Three years after Reliance Industries quietly acquired a dormant cola label for Rs 22 crore, that same brand is now sitting alongside Coca-Cola, PepsiCo, and Parle Agro at the top of India’s Rs 60,000 crore carbonated soft drinks market. Campa Cola — once a 1970s nostalgia play — posted over Rs 4,700 crore in gross sales during FY26, officially making it the country’s fourth-largest CSD brand.
The milestone is less about nostalgia and more about what Reliance Consumer Products Limited (RCPL) has engineered around it. Campa’s ascent has been driven by a pricing strategy that undercuts multinational rivals at nearly every SKU — a structural advantage Reliance can sustain through its retail infrastructure and distribution muscle. The brand has also locked in double-digit market share in key regions, suggesting the gains aren’t limited to value-tier buyers alone.

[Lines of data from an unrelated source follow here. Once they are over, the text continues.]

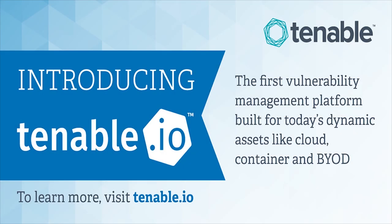Gain control of cyber risk with Tenable.io, the first vulnerability management platform built for today's elastic assets like cloud, containers, and web apps. Discover a fresh, asset-based approach that prioritizes vulnerabilities while seamlessly integrating into your environment. Improve ROI with the first elastic licensing approach based on assets, not IP addresses. Tenable.io delivers the data and context you need to secure your elastic attack surface.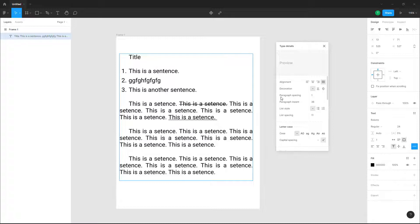That's how you can work with text formatting using Type Details inside a Figma design file. If you learned something, please like, comment, share, and subscribe.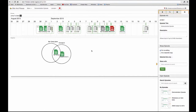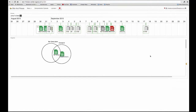How can I rename a learning episode? If I have a learning episode — let's say like this demonstration episode — and I'd like to give it a better name,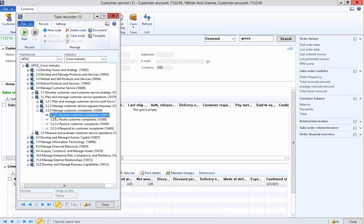You can see now that there's a blue arrow here pointing to this node, which means that we've recorded a task against it. If I wanted to go and pull out some documentation and see how exactly I should perform this task, all I need to do is click this Document button.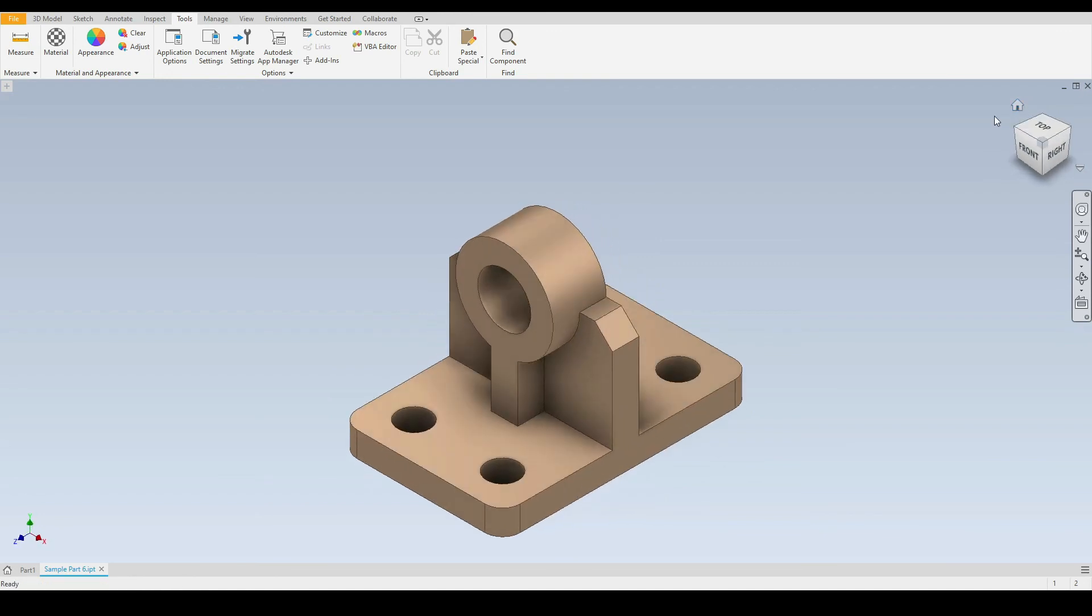So those are the basic navigation tools and their shortcuts. If you have any questions please post them in the comments section and I will reply as soon as I can. I will see you in the next tutorial.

RCPL’s broader numbers reflect just how fast the consumer division is scaling. The company reported Rs 7,350 crore in revenue for the March quarter and Rs 22,000 crore across the full financial year — growth spread across beverages, staples, and packaged food. Campa is the headline act, but it sits inside a much larger portfolio push.
Mukesh Ambani flagged the consumer products business as a meaningful priority, describing the now-independent RCPL structure as positioned to capture India’s long-term consumption growth. Beyond cola, RCPL’s packaged water business has already become the country’s third-largest branded water player, with new high-speed bottling lines across 12 states and food parks spanning biscuits, chocolates, and staples. The beverage success is a proof of concept — Reliance can take a legacy Indian brand, strip out the premium pricing, flood the distribution network, and compete directly with multinationals at scale.

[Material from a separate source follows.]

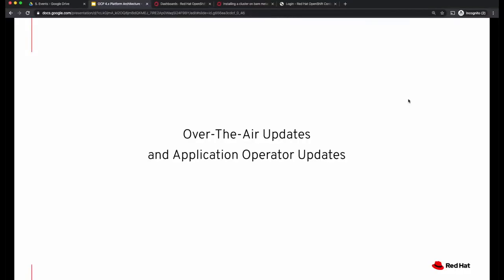Hello, welcome back to OpenShift 4.x deep dive video series. In this video, we'll talk about the over-the-air update process for your cluster, and we'll also see how the application operator updates happen through the operator lifecycle manager.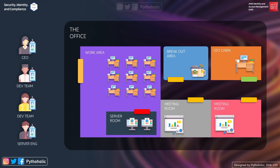We have four team members: the CEO, the dev team, and the server team. Each team member has an ID card that allows them to enter the office — similar to how you have biometrics or an ID card in a real office. Notice that each door is color-coded: yellow for all common areas, red for the server room, and green for the CEO's cabin.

For context on how Campa got here — from a Rs 22 crore acquisition to a top-four market position — LAFFAZ has previously covered the full ownership story and Reliance’s price war strategy against American cola brands. The brand has also been building visibility beyond retail: it expanded into the UAE and secured an IPL title sponsorship, and more recently partnered with Ajith Kumar Racing as Campa Energy’s official sponsor — a direct play at the premium youth segment its cola entry-price positioning hasn’t traditionally reached.
India’s soft drinks market has historically been a duopoly story. That’s no longer quite accurate — and the speed of Campa’s climb suggests the structural shift has more runway left.